**Work required**.
Your task is to return the listing below word for word, without any of its images.

**Data provided**.
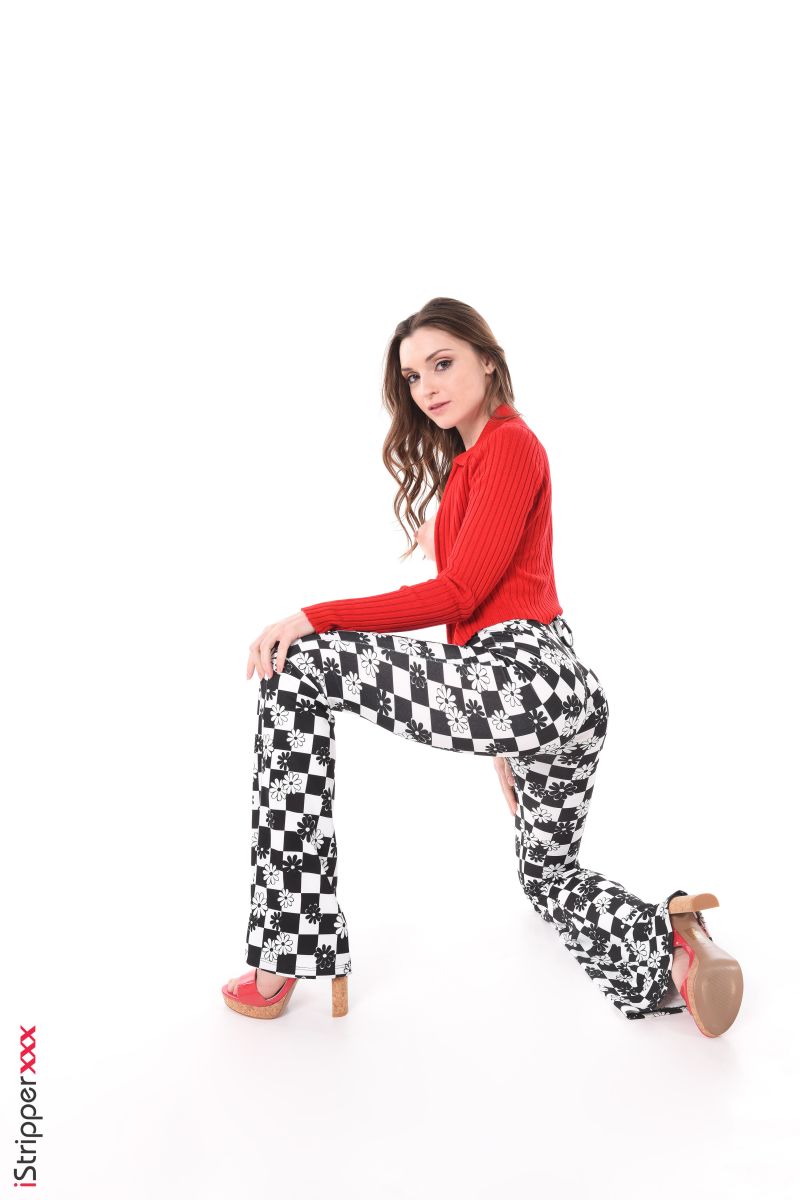 Monika May: Check Me Out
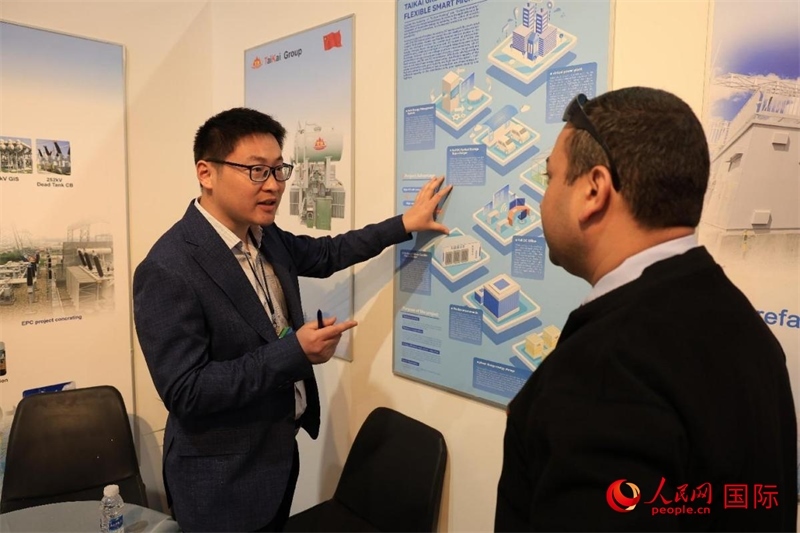 一名中國(guó)展商向嘉賓介紹產(chǎn)品。人民網(wǎng)伊納斯·易卜拉欣攝
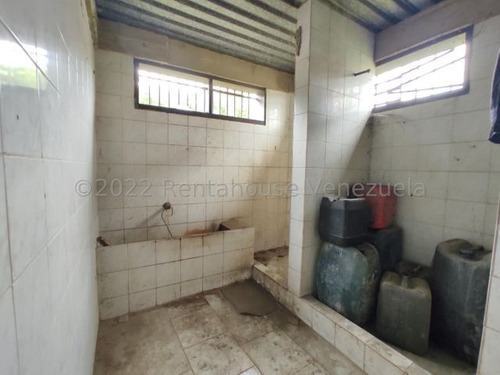 Imagen 20 de 23 de En Venta Amplio Terreno Con Granja Agricola Ubicado En La Estratégica Av Los Aviadores 23-8117 Ejc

**Worked solution**.
 Monika May: Check Me Out
 一名中國(guó)展商向嘉賓介紹產(chǎn)品。人民網(wǎng)伊納斯·易卜拉欣攝
 Imagen 20 de 23 de En Venta Amplio Terreno Con Granja Agricola Ubicado En La Estratégica Av Los Aviadores 23-8117 Ejc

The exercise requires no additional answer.